> Materialize lets you ask questions about your data, and then get the answers in real time.
> Why not just use your database’s built-in functionality to perform these same computations? Because your database often acts as if it’s never been asked that question before, which means it can take a long time to come up with an answer, each and every time you pose the query.
> Materialize instead keeps the results of the queries and incrementally updates them as new data comes in. So, rather than recalculating the answer each time it’s asked, Materialize continually updates the answer and gives you the answer’s current state from memory.
> Importantly, Materialize supports incrementally updating a much broader set of views than is common in traditional databases (e.g. views over multi-way joins with complex aggregations), and can do incremental updates in the presence of arbitrary inserts, updates, and deletes in the input streams.

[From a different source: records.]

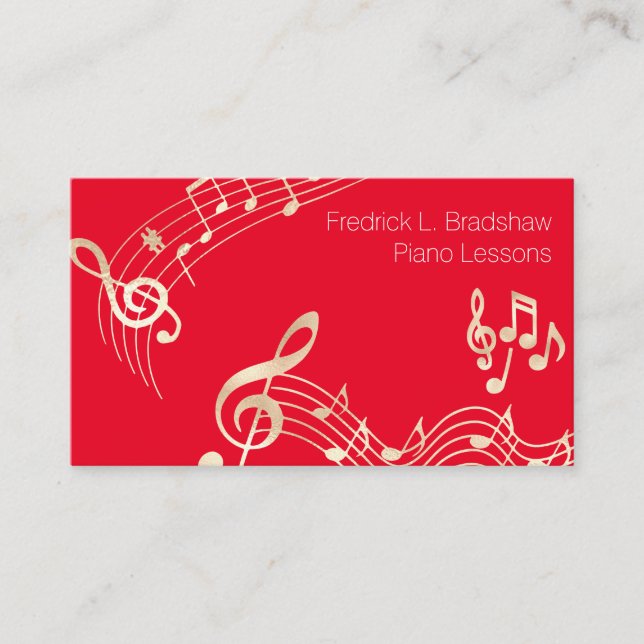 Gold Music Notes on Red Business Card (Front)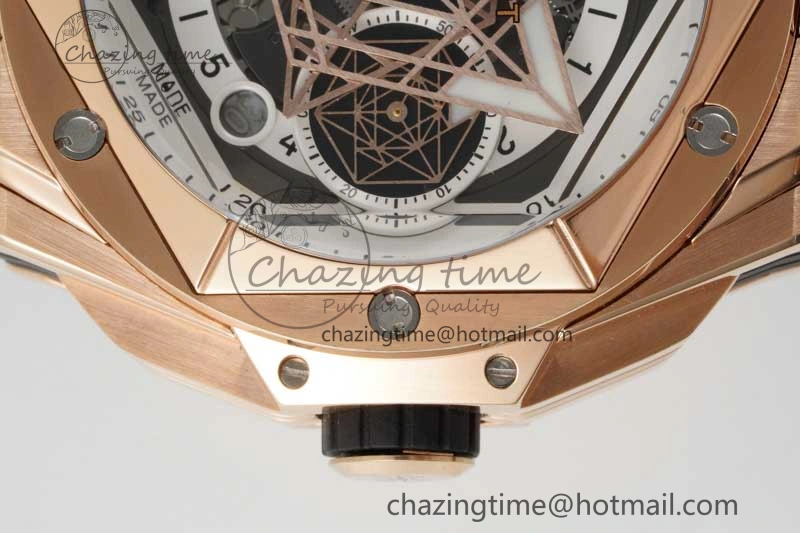 Big Bang Sang Bleu II Chrono RG BBF Best Edition White Dial on White Gummy Strap A7750
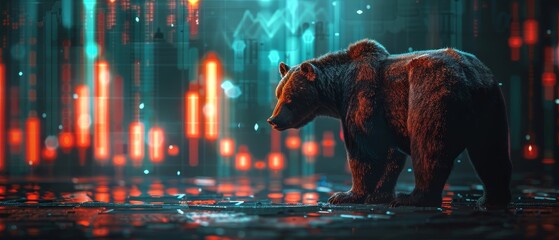 Bear standing before a backdrop of bearish market charts in a dark setting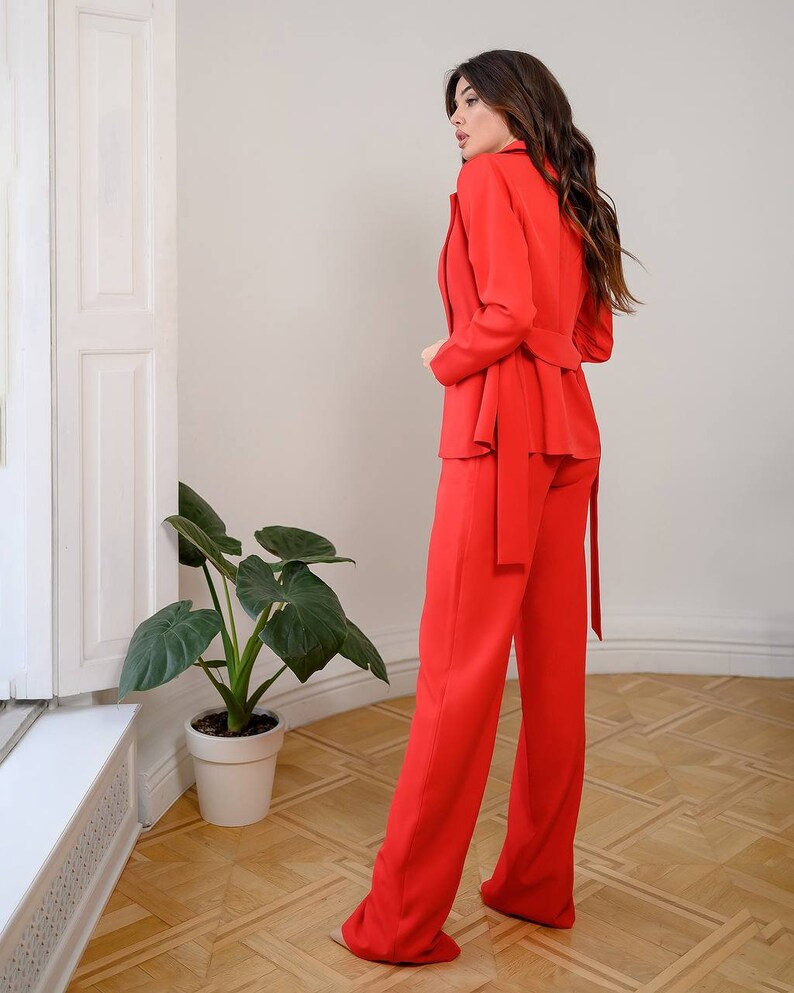 Red Pantsuit for Women Red 3piece Suit With Wrap Blazer and Etsy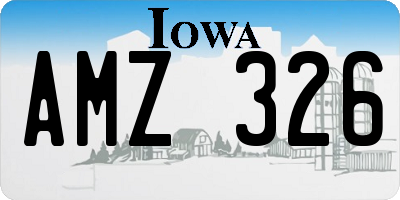 IA license plate AMZ326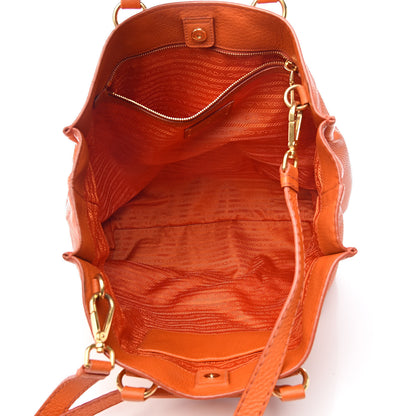 Prada Vitello Daino Logo Shopping Tote Papaya 5 of 14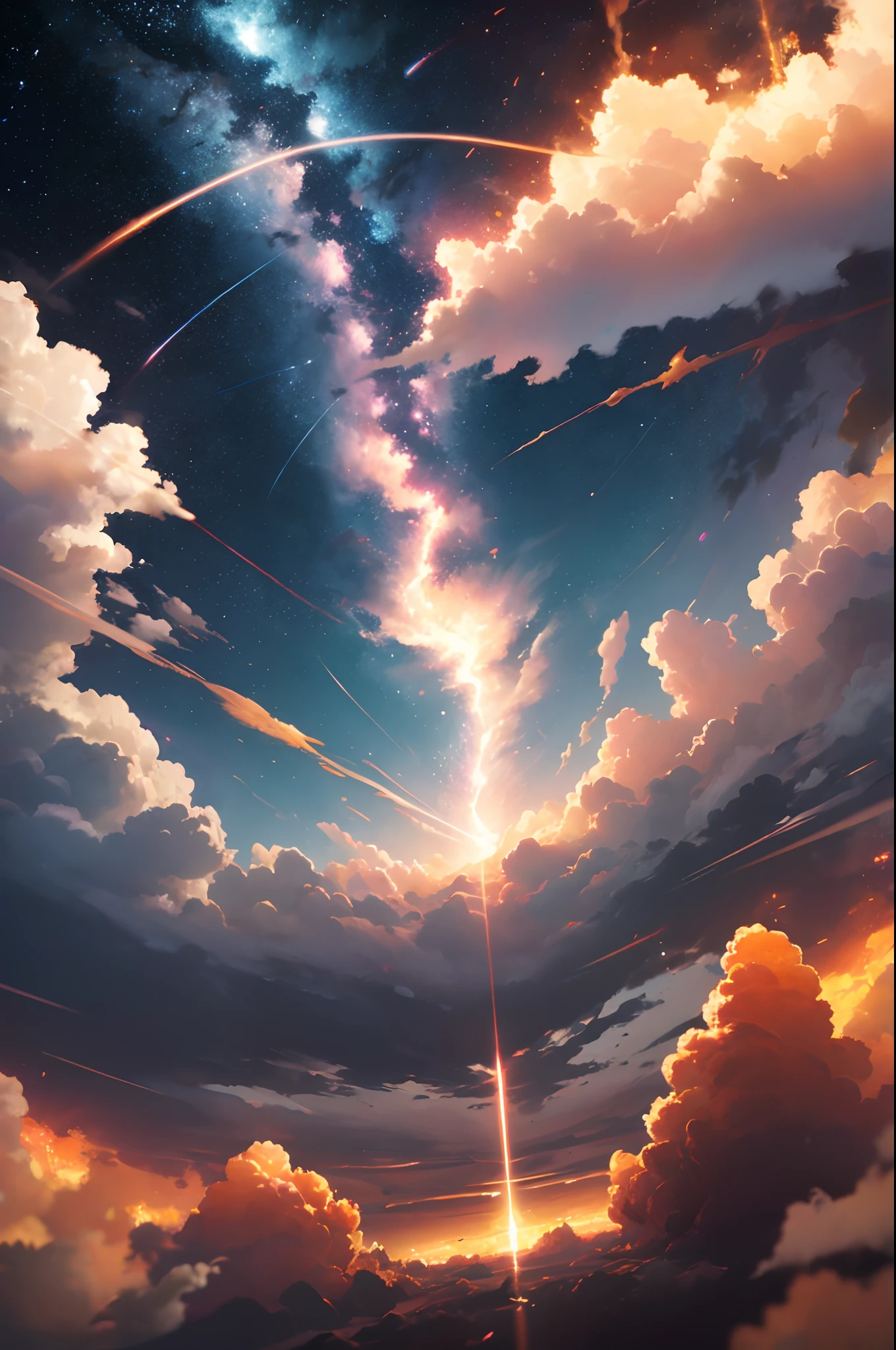 Ultra High Definition Earth Storm Orange Lightning Wise Lightning Big Clouds Wormhole
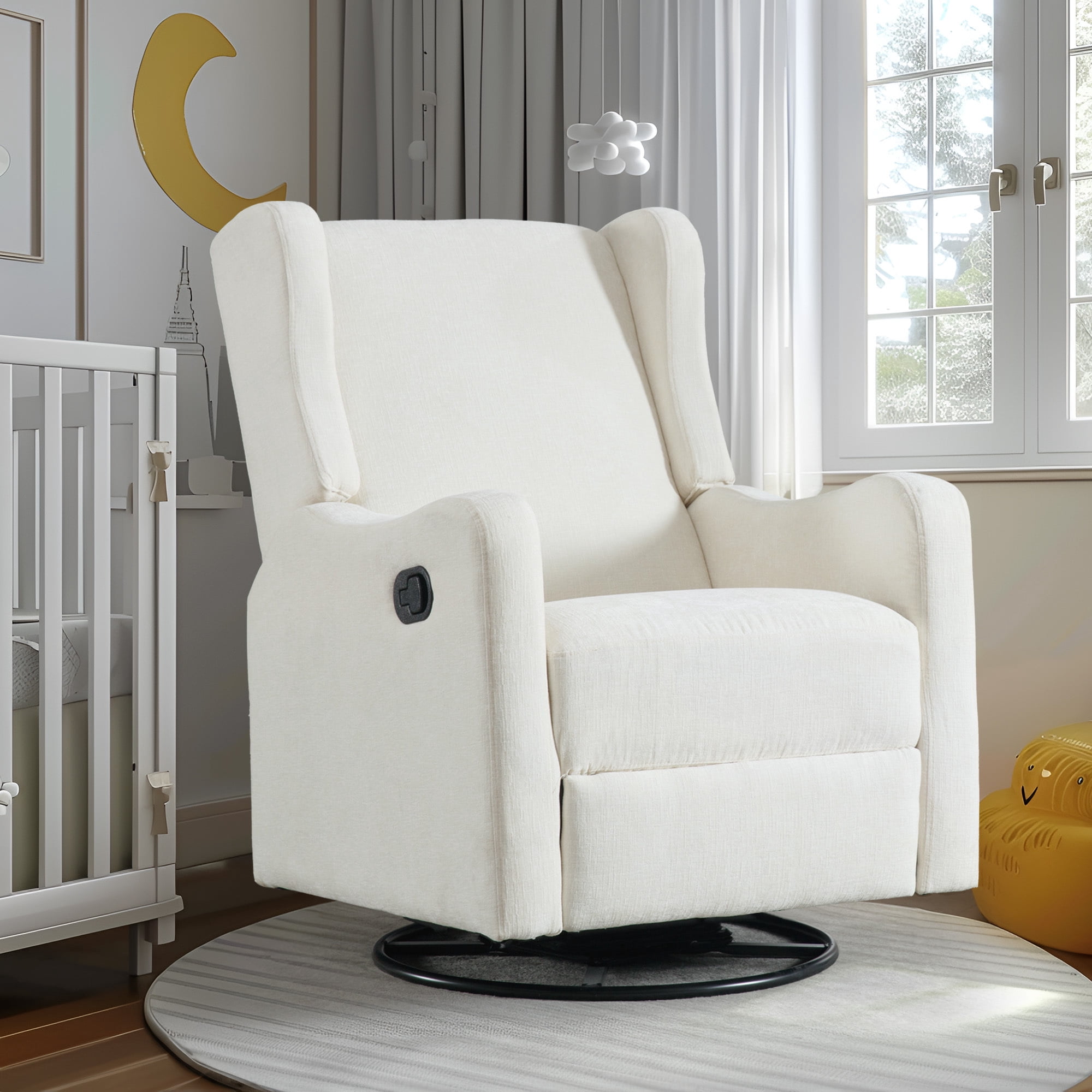 Lunale Swivel Glider Rocking Chair for Nursery, Wingback Upholstered Rocker Recliner for Adults, Beige Chenille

The biggest difference is one of intended use. Noria is, first and foremost, a research prototype, intended to explore new ideas in systems research. Materialize, by contrast, is intended to be a rock-solid piece of production infrastructure. (Much of the interesting research, in timely and differential dataflow, is already done.) We've invested a good bit in supporting the thornier bits of SQL, like full joins, nested subqueries, correlated subqueries, variable-precision decimals, and so on. Noria's support for SQL is less extensive; I think the decisions have been guided mostly by what's necessary to run its lobste.rs and HotCRP benchmarks. Make no mistake: Noria is an impressive piece of engineering, but, as an enterprise looking to deploy Noria, there's no one you can pay for support or to implement feature requests.
One area where Noria shines is in partial materialization. Details are in the Noria paper [1], but the tl;dr is that Noria has a lot of smarts around automatically materializing only the subset of the view that is actually accessed, while presently Materialize requires that you explicitly declare what subsets to materialize. We have some plans for how to bring these smarts to Materialize, but we haven't implemented them yet.
Also worth noting is that Materialize's underlying dataflow engine, differential dataflow, has the ability to support iterative computation, while Noria's engine requires an acyclic dataflow graph. We don't yet expose this power in Materialize, but will soon. Put another way: `WITH RECURSIVE` queries are a real and near possibility in Materialize, while (as I understand it) `WITH RECURSIVE` queries would require substantial retooling of Noria's underlying dataflow engine.
One of the creators of Noria, Jon Gjengset, did an interview on Noria [2] that covered some of differences between Noria and differential dataflow from his perspective, which I highly recommend you check out as well!
[0]: https://twitter.com/frankmcsherry/status/1056957760435376129...
[1]: https://jon.tsp.io/papers/osdi18-noria.pdf
[2]: https://notamonadtutorial.com/interview-with-norias-creator-...
Do you think it's valuable to have this as a service rather than roll your own solution?
It's a surprisingly difficult problem. I wouldn't roll my own.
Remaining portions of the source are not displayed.